● Exercise description
Copy all records exactly, excluding images.

◇ ◇ ◇

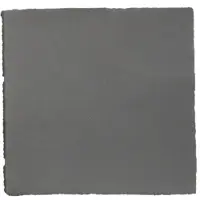 Terre d'Azur Almeria wandtegel 13x13cm grijs donker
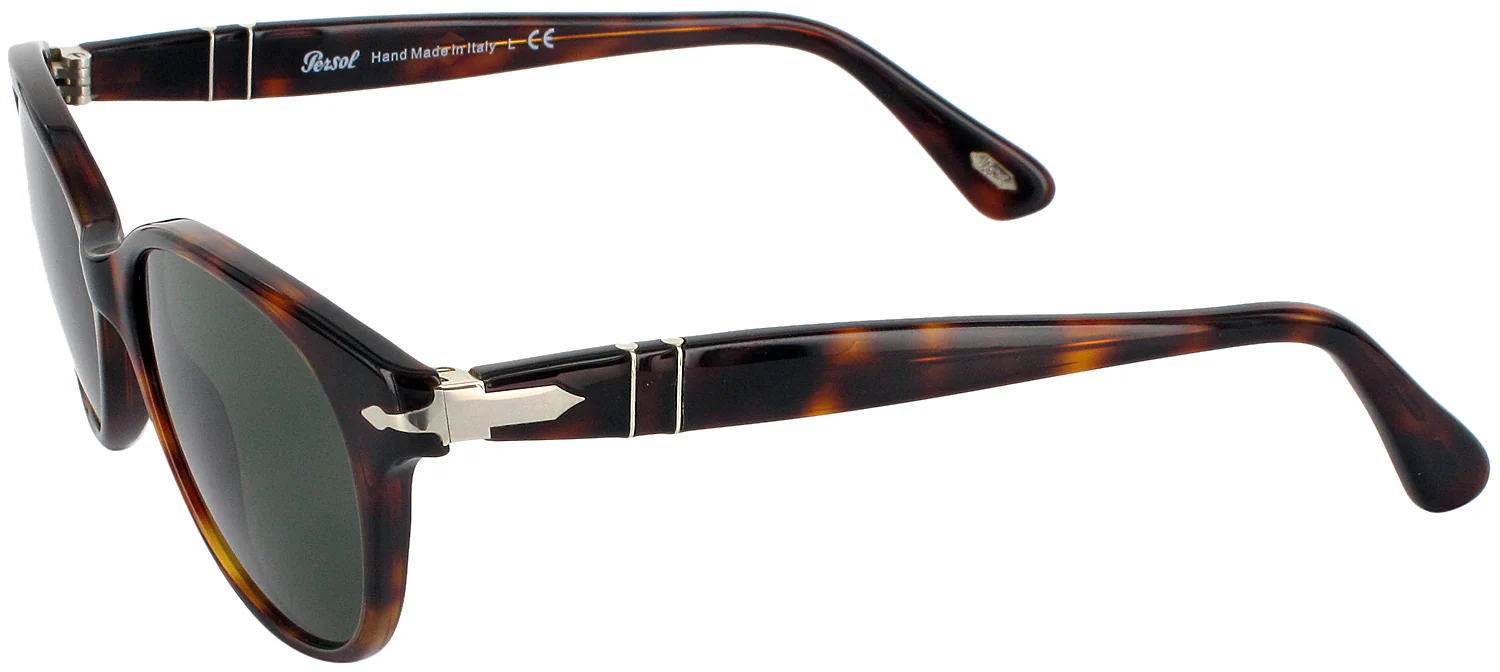 Persol 3017S - Image 4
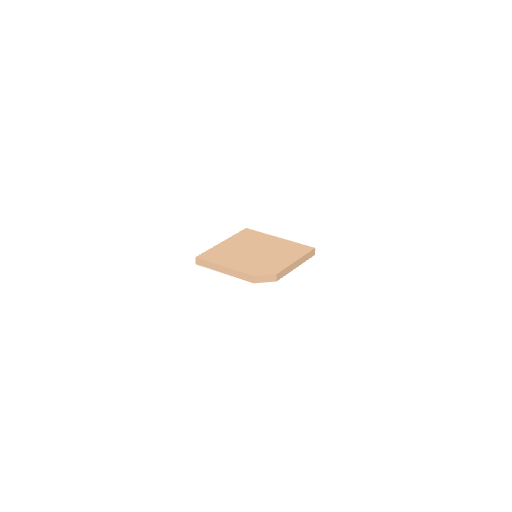 Floor Corner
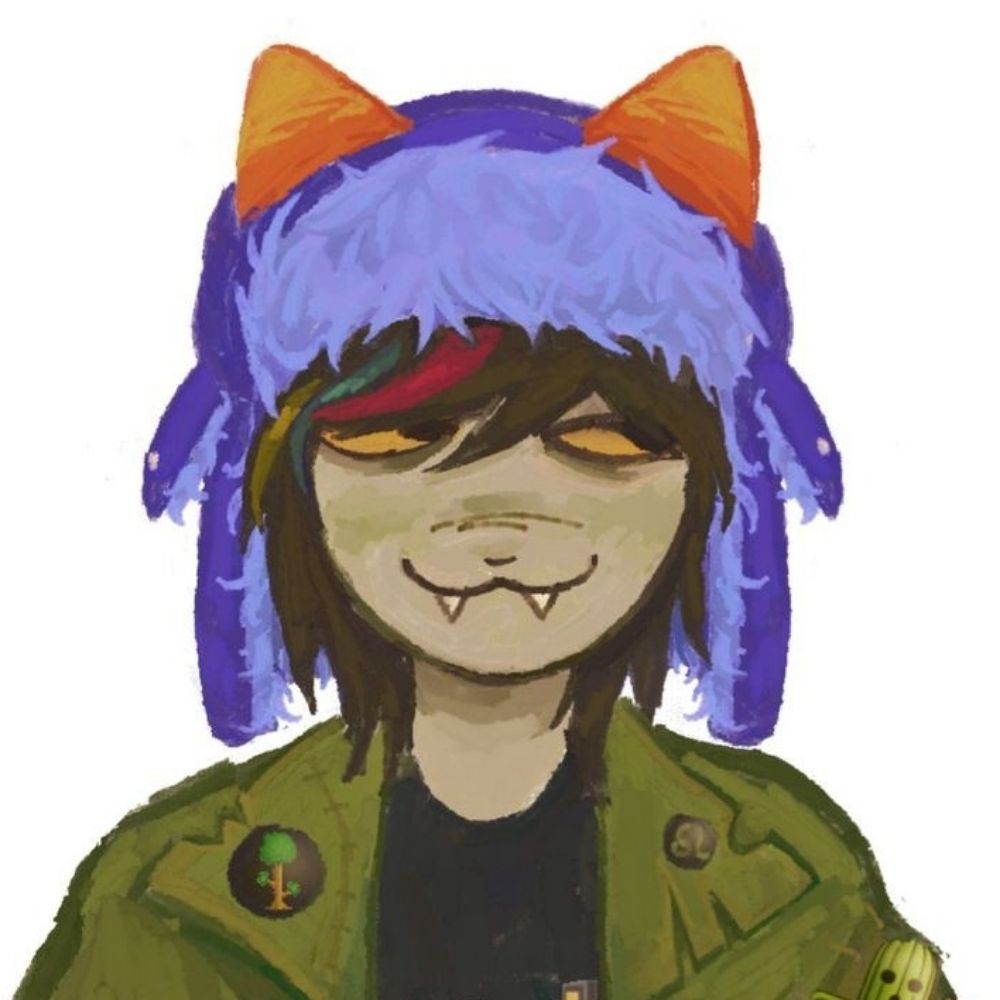 Woshingo
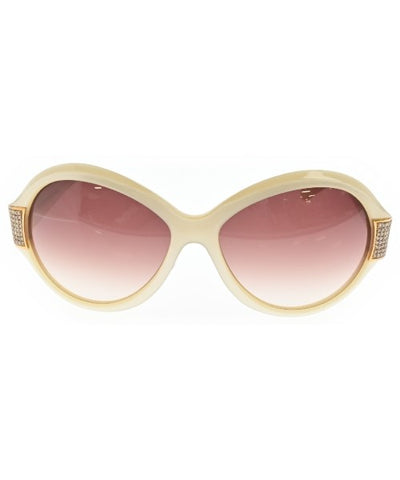OLIVER PEOPLES Sun glasses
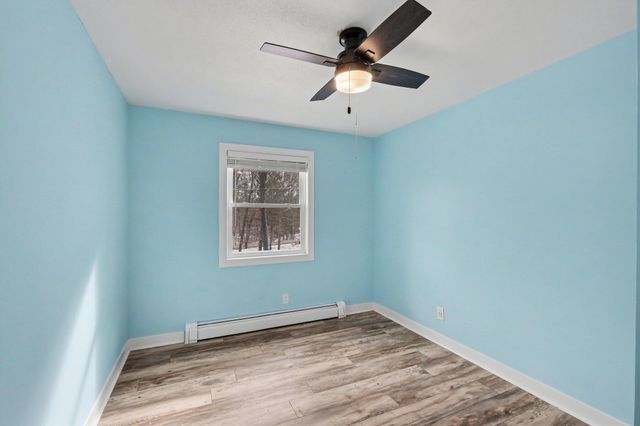 7249 Chandler Drive Ne, Plainfield Twp, MI 49306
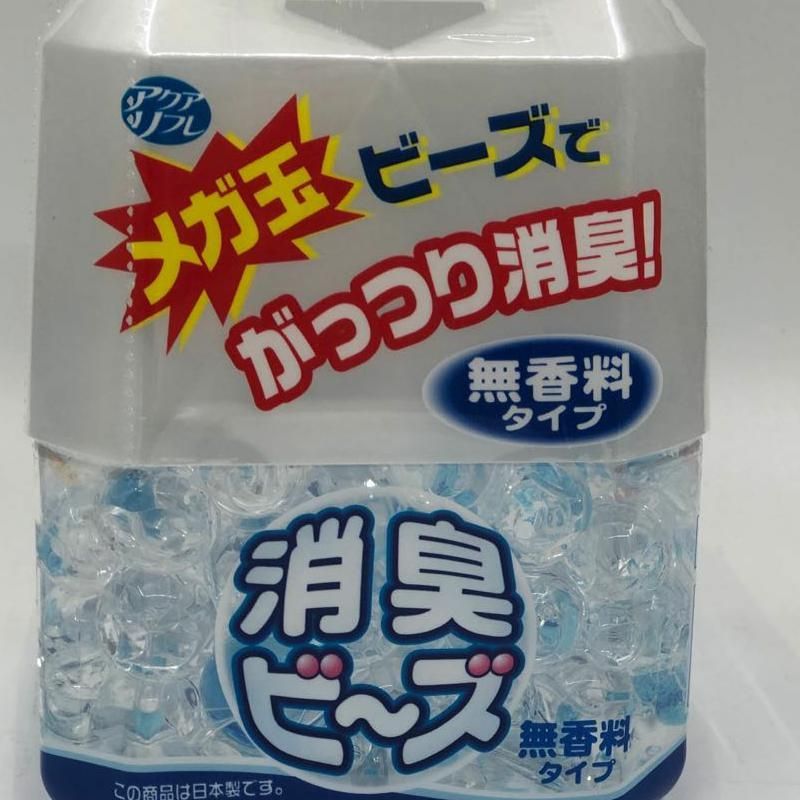 黑猫神牌爱依诺厨房除臭专用日本原装进口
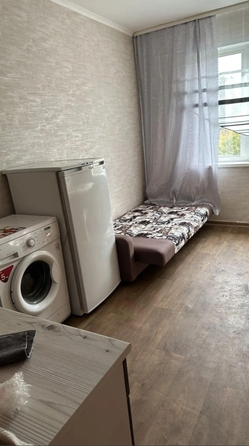 
  Сдам Комната 12 м². Фото 2.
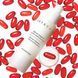 Косметичний засіб Chantecaille Retinol Intense +, 50 мл КОСМ01660 фото 2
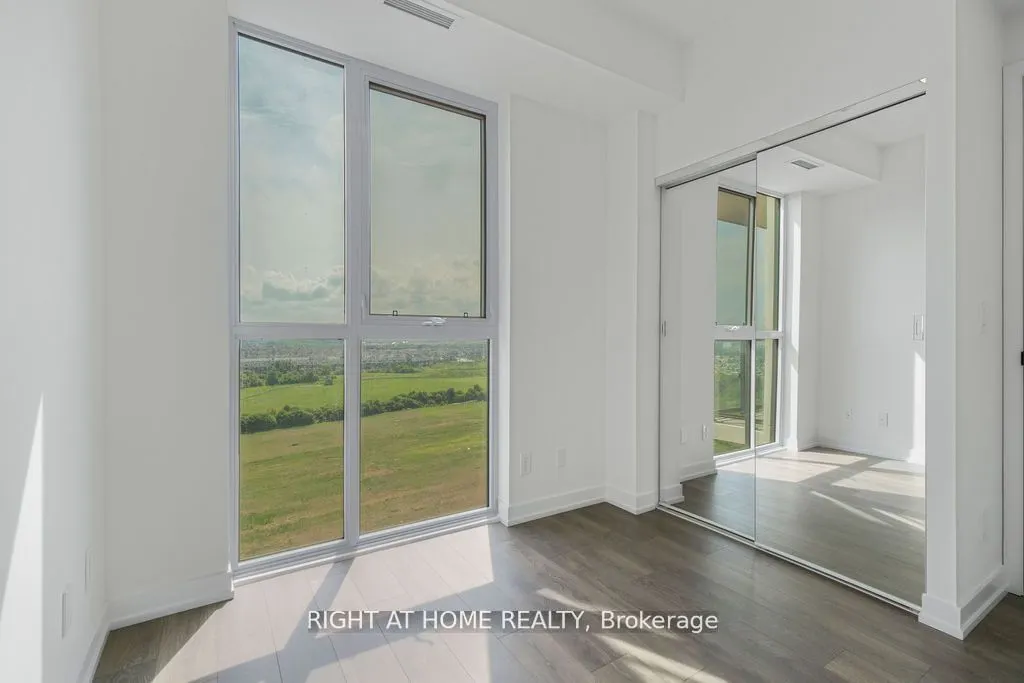 335 Wheat Boom Drive, #1207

◇ ◇ ◇

● Solved problem
 Terre d'Azur Almeria wandtegel 13x13cm grijs donker
 Persol 3017S - Image 4
 Floor Corner
 Woshingo
OLIVER PEOPLES Sun glasses
 7249 Chandler Drive Ne, Plainfield Twp, MI 49306
 黑猫神牌爱依诺厨房除臭专用日本原装进口
  Сдам Комната 12 м². Фото 2.
 Косметичний засіб Chantecaille Retinol Intense +, 50 мл КОСМ01660 фото 2
 335 Wheat Boom Drive, #1207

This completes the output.